### Work to be completed:
Copy exactly the stretch of data below from the line with "Bukit Kangkar Double" through the line with "Ganni Black Smock Tie Dress", including both of those lines.

### Provided entries:

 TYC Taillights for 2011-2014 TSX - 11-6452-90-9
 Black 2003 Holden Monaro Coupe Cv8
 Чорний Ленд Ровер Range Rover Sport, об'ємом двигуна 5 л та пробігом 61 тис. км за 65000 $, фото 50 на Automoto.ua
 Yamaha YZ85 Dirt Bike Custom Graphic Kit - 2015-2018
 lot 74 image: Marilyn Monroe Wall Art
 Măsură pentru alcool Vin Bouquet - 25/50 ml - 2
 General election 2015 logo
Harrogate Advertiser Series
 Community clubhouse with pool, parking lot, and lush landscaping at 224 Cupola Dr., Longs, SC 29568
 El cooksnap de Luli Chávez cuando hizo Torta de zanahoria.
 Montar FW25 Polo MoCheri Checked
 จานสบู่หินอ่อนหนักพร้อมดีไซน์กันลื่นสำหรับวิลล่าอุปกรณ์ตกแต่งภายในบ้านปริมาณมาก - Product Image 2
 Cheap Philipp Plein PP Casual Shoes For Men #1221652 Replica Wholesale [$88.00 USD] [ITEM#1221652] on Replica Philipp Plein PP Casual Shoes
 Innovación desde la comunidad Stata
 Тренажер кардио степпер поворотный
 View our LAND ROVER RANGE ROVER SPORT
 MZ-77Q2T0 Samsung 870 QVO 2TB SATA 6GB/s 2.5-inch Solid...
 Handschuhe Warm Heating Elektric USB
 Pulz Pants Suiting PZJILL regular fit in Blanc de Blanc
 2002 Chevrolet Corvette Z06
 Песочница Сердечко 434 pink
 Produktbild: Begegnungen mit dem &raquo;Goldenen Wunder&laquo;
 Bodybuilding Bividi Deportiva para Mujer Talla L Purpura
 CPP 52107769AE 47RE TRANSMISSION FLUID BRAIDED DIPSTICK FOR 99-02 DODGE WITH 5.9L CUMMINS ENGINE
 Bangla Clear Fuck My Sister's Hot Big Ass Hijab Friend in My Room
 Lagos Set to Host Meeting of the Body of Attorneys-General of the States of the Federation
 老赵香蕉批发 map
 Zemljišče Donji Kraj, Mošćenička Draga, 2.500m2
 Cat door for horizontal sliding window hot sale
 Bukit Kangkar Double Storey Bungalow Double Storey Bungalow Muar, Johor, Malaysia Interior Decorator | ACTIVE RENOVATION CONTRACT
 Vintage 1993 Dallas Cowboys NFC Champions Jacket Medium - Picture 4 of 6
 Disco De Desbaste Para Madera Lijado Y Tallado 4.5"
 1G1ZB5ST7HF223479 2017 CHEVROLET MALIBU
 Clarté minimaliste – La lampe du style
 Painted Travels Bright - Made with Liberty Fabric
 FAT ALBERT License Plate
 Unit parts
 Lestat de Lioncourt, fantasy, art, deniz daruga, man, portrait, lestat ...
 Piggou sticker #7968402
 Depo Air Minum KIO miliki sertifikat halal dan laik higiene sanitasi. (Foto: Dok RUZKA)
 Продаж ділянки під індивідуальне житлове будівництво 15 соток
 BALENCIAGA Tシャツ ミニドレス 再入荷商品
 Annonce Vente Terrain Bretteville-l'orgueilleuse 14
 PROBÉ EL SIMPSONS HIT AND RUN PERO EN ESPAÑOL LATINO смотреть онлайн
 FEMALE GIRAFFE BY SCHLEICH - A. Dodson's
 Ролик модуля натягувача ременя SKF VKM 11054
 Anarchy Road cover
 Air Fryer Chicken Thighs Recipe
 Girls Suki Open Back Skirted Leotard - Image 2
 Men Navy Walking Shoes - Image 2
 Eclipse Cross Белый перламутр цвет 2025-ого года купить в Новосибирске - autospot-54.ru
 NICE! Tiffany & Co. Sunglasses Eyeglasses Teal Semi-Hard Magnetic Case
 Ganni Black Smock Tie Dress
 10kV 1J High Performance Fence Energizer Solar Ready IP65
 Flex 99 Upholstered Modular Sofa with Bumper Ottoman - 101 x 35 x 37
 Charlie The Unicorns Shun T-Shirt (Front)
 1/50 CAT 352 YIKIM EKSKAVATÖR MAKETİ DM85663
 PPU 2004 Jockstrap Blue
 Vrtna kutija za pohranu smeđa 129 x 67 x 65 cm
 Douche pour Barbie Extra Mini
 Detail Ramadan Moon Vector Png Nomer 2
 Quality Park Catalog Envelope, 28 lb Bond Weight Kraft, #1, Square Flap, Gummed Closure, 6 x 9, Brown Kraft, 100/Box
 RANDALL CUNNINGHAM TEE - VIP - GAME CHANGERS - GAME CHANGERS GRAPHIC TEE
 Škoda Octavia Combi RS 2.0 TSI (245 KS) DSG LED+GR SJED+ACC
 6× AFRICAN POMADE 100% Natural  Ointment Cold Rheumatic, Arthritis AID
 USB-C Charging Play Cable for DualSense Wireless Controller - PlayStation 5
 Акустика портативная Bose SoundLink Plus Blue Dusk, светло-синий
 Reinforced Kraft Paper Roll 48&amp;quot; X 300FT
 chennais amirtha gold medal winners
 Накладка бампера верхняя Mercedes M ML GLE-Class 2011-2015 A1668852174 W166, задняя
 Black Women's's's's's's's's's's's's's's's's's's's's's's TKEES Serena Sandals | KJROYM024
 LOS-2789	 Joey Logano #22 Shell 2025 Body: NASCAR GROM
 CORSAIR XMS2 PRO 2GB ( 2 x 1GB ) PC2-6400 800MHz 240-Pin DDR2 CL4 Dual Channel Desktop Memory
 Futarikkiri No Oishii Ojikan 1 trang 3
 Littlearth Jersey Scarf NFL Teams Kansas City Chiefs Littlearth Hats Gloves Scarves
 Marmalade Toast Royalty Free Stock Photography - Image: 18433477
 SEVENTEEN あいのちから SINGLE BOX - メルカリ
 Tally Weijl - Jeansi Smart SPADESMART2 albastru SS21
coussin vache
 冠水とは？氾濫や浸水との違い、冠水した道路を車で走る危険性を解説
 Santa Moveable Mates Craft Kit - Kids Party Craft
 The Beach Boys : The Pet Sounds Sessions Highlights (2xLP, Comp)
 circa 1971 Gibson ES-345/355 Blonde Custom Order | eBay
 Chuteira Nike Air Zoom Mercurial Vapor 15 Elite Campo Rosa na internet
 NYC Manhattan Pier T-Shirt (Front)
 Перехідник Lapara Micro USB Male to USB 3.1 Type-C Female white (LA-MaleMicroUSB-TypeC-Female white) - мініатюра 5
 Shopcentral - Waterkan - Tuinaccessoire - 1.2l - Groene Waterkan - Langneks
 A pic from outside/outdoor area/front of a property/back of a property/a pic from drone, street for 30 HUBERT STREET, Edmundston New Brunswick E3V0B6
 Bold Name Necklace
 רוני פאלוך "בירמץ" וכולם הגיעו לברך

### Written response:
 Bukit Kangkar Double Storey Bungalow Double Storey Bungalow Muar, Johor, Malaysia Interior Decorator | ACTIVE RENOVATION CONTRACT
 Vintage 1993 Dallas Cowboys NFC Champions Jacket Medium - Picture 4 of 6
 Disco De Desbaste Para Madera Lijado Y Tallado 4.5"
 1G1ZB5ST7HF223479 2017 CHEVROLET MALIBU
 Clarté minimaliste – La lampe du style
 Painted Travels Bright - Made with Liberty Fabric
 FAT ALBERT License Plate
 Unit parts
 Lestat de Lioncourt, fantasy, art, deniz daruga, man, portrait, lestat ...
 Piggou sticker #7968402
 Depo Air Minum KIO miliki sertifikat halal dan laik higiene sanitasi. (Foto: Dok RUZKA)
 Продаж ділянки під індивідуальне житлове будівництво 15 соток
 BALENCIAGA Tシャツ ミニドレス 再入荷商品
 Annonce Vente Terrain Bretteville-l'orgueilleuse 14
 PROBÉ EL SIMPSONS HIT AND RUN PERO EN ESPAÑOL LATINO смотреть онлайн
 FEMALE GIRAFFE BY SCHLEICH - A. Dodson's
 Ролик модуля натягувача ременя SKF VKM 11054
 Anarchy Road cover
 Air Fryer Chicken Thighs Recipe
 Girls Suki Open Back Skirted Leotard - Image 2
 Men Navy Walking Shoes - Image 2
 Eclipse Cross Белый перламутр цвет 2025-ого года купить в Новосибирске - autospot-54.ru
 NICE! Tiffany & Co. Sunglasses Eyeglasses Teal Semi-Hard Magnetic Case
 Ganni Black Smock Tie Dress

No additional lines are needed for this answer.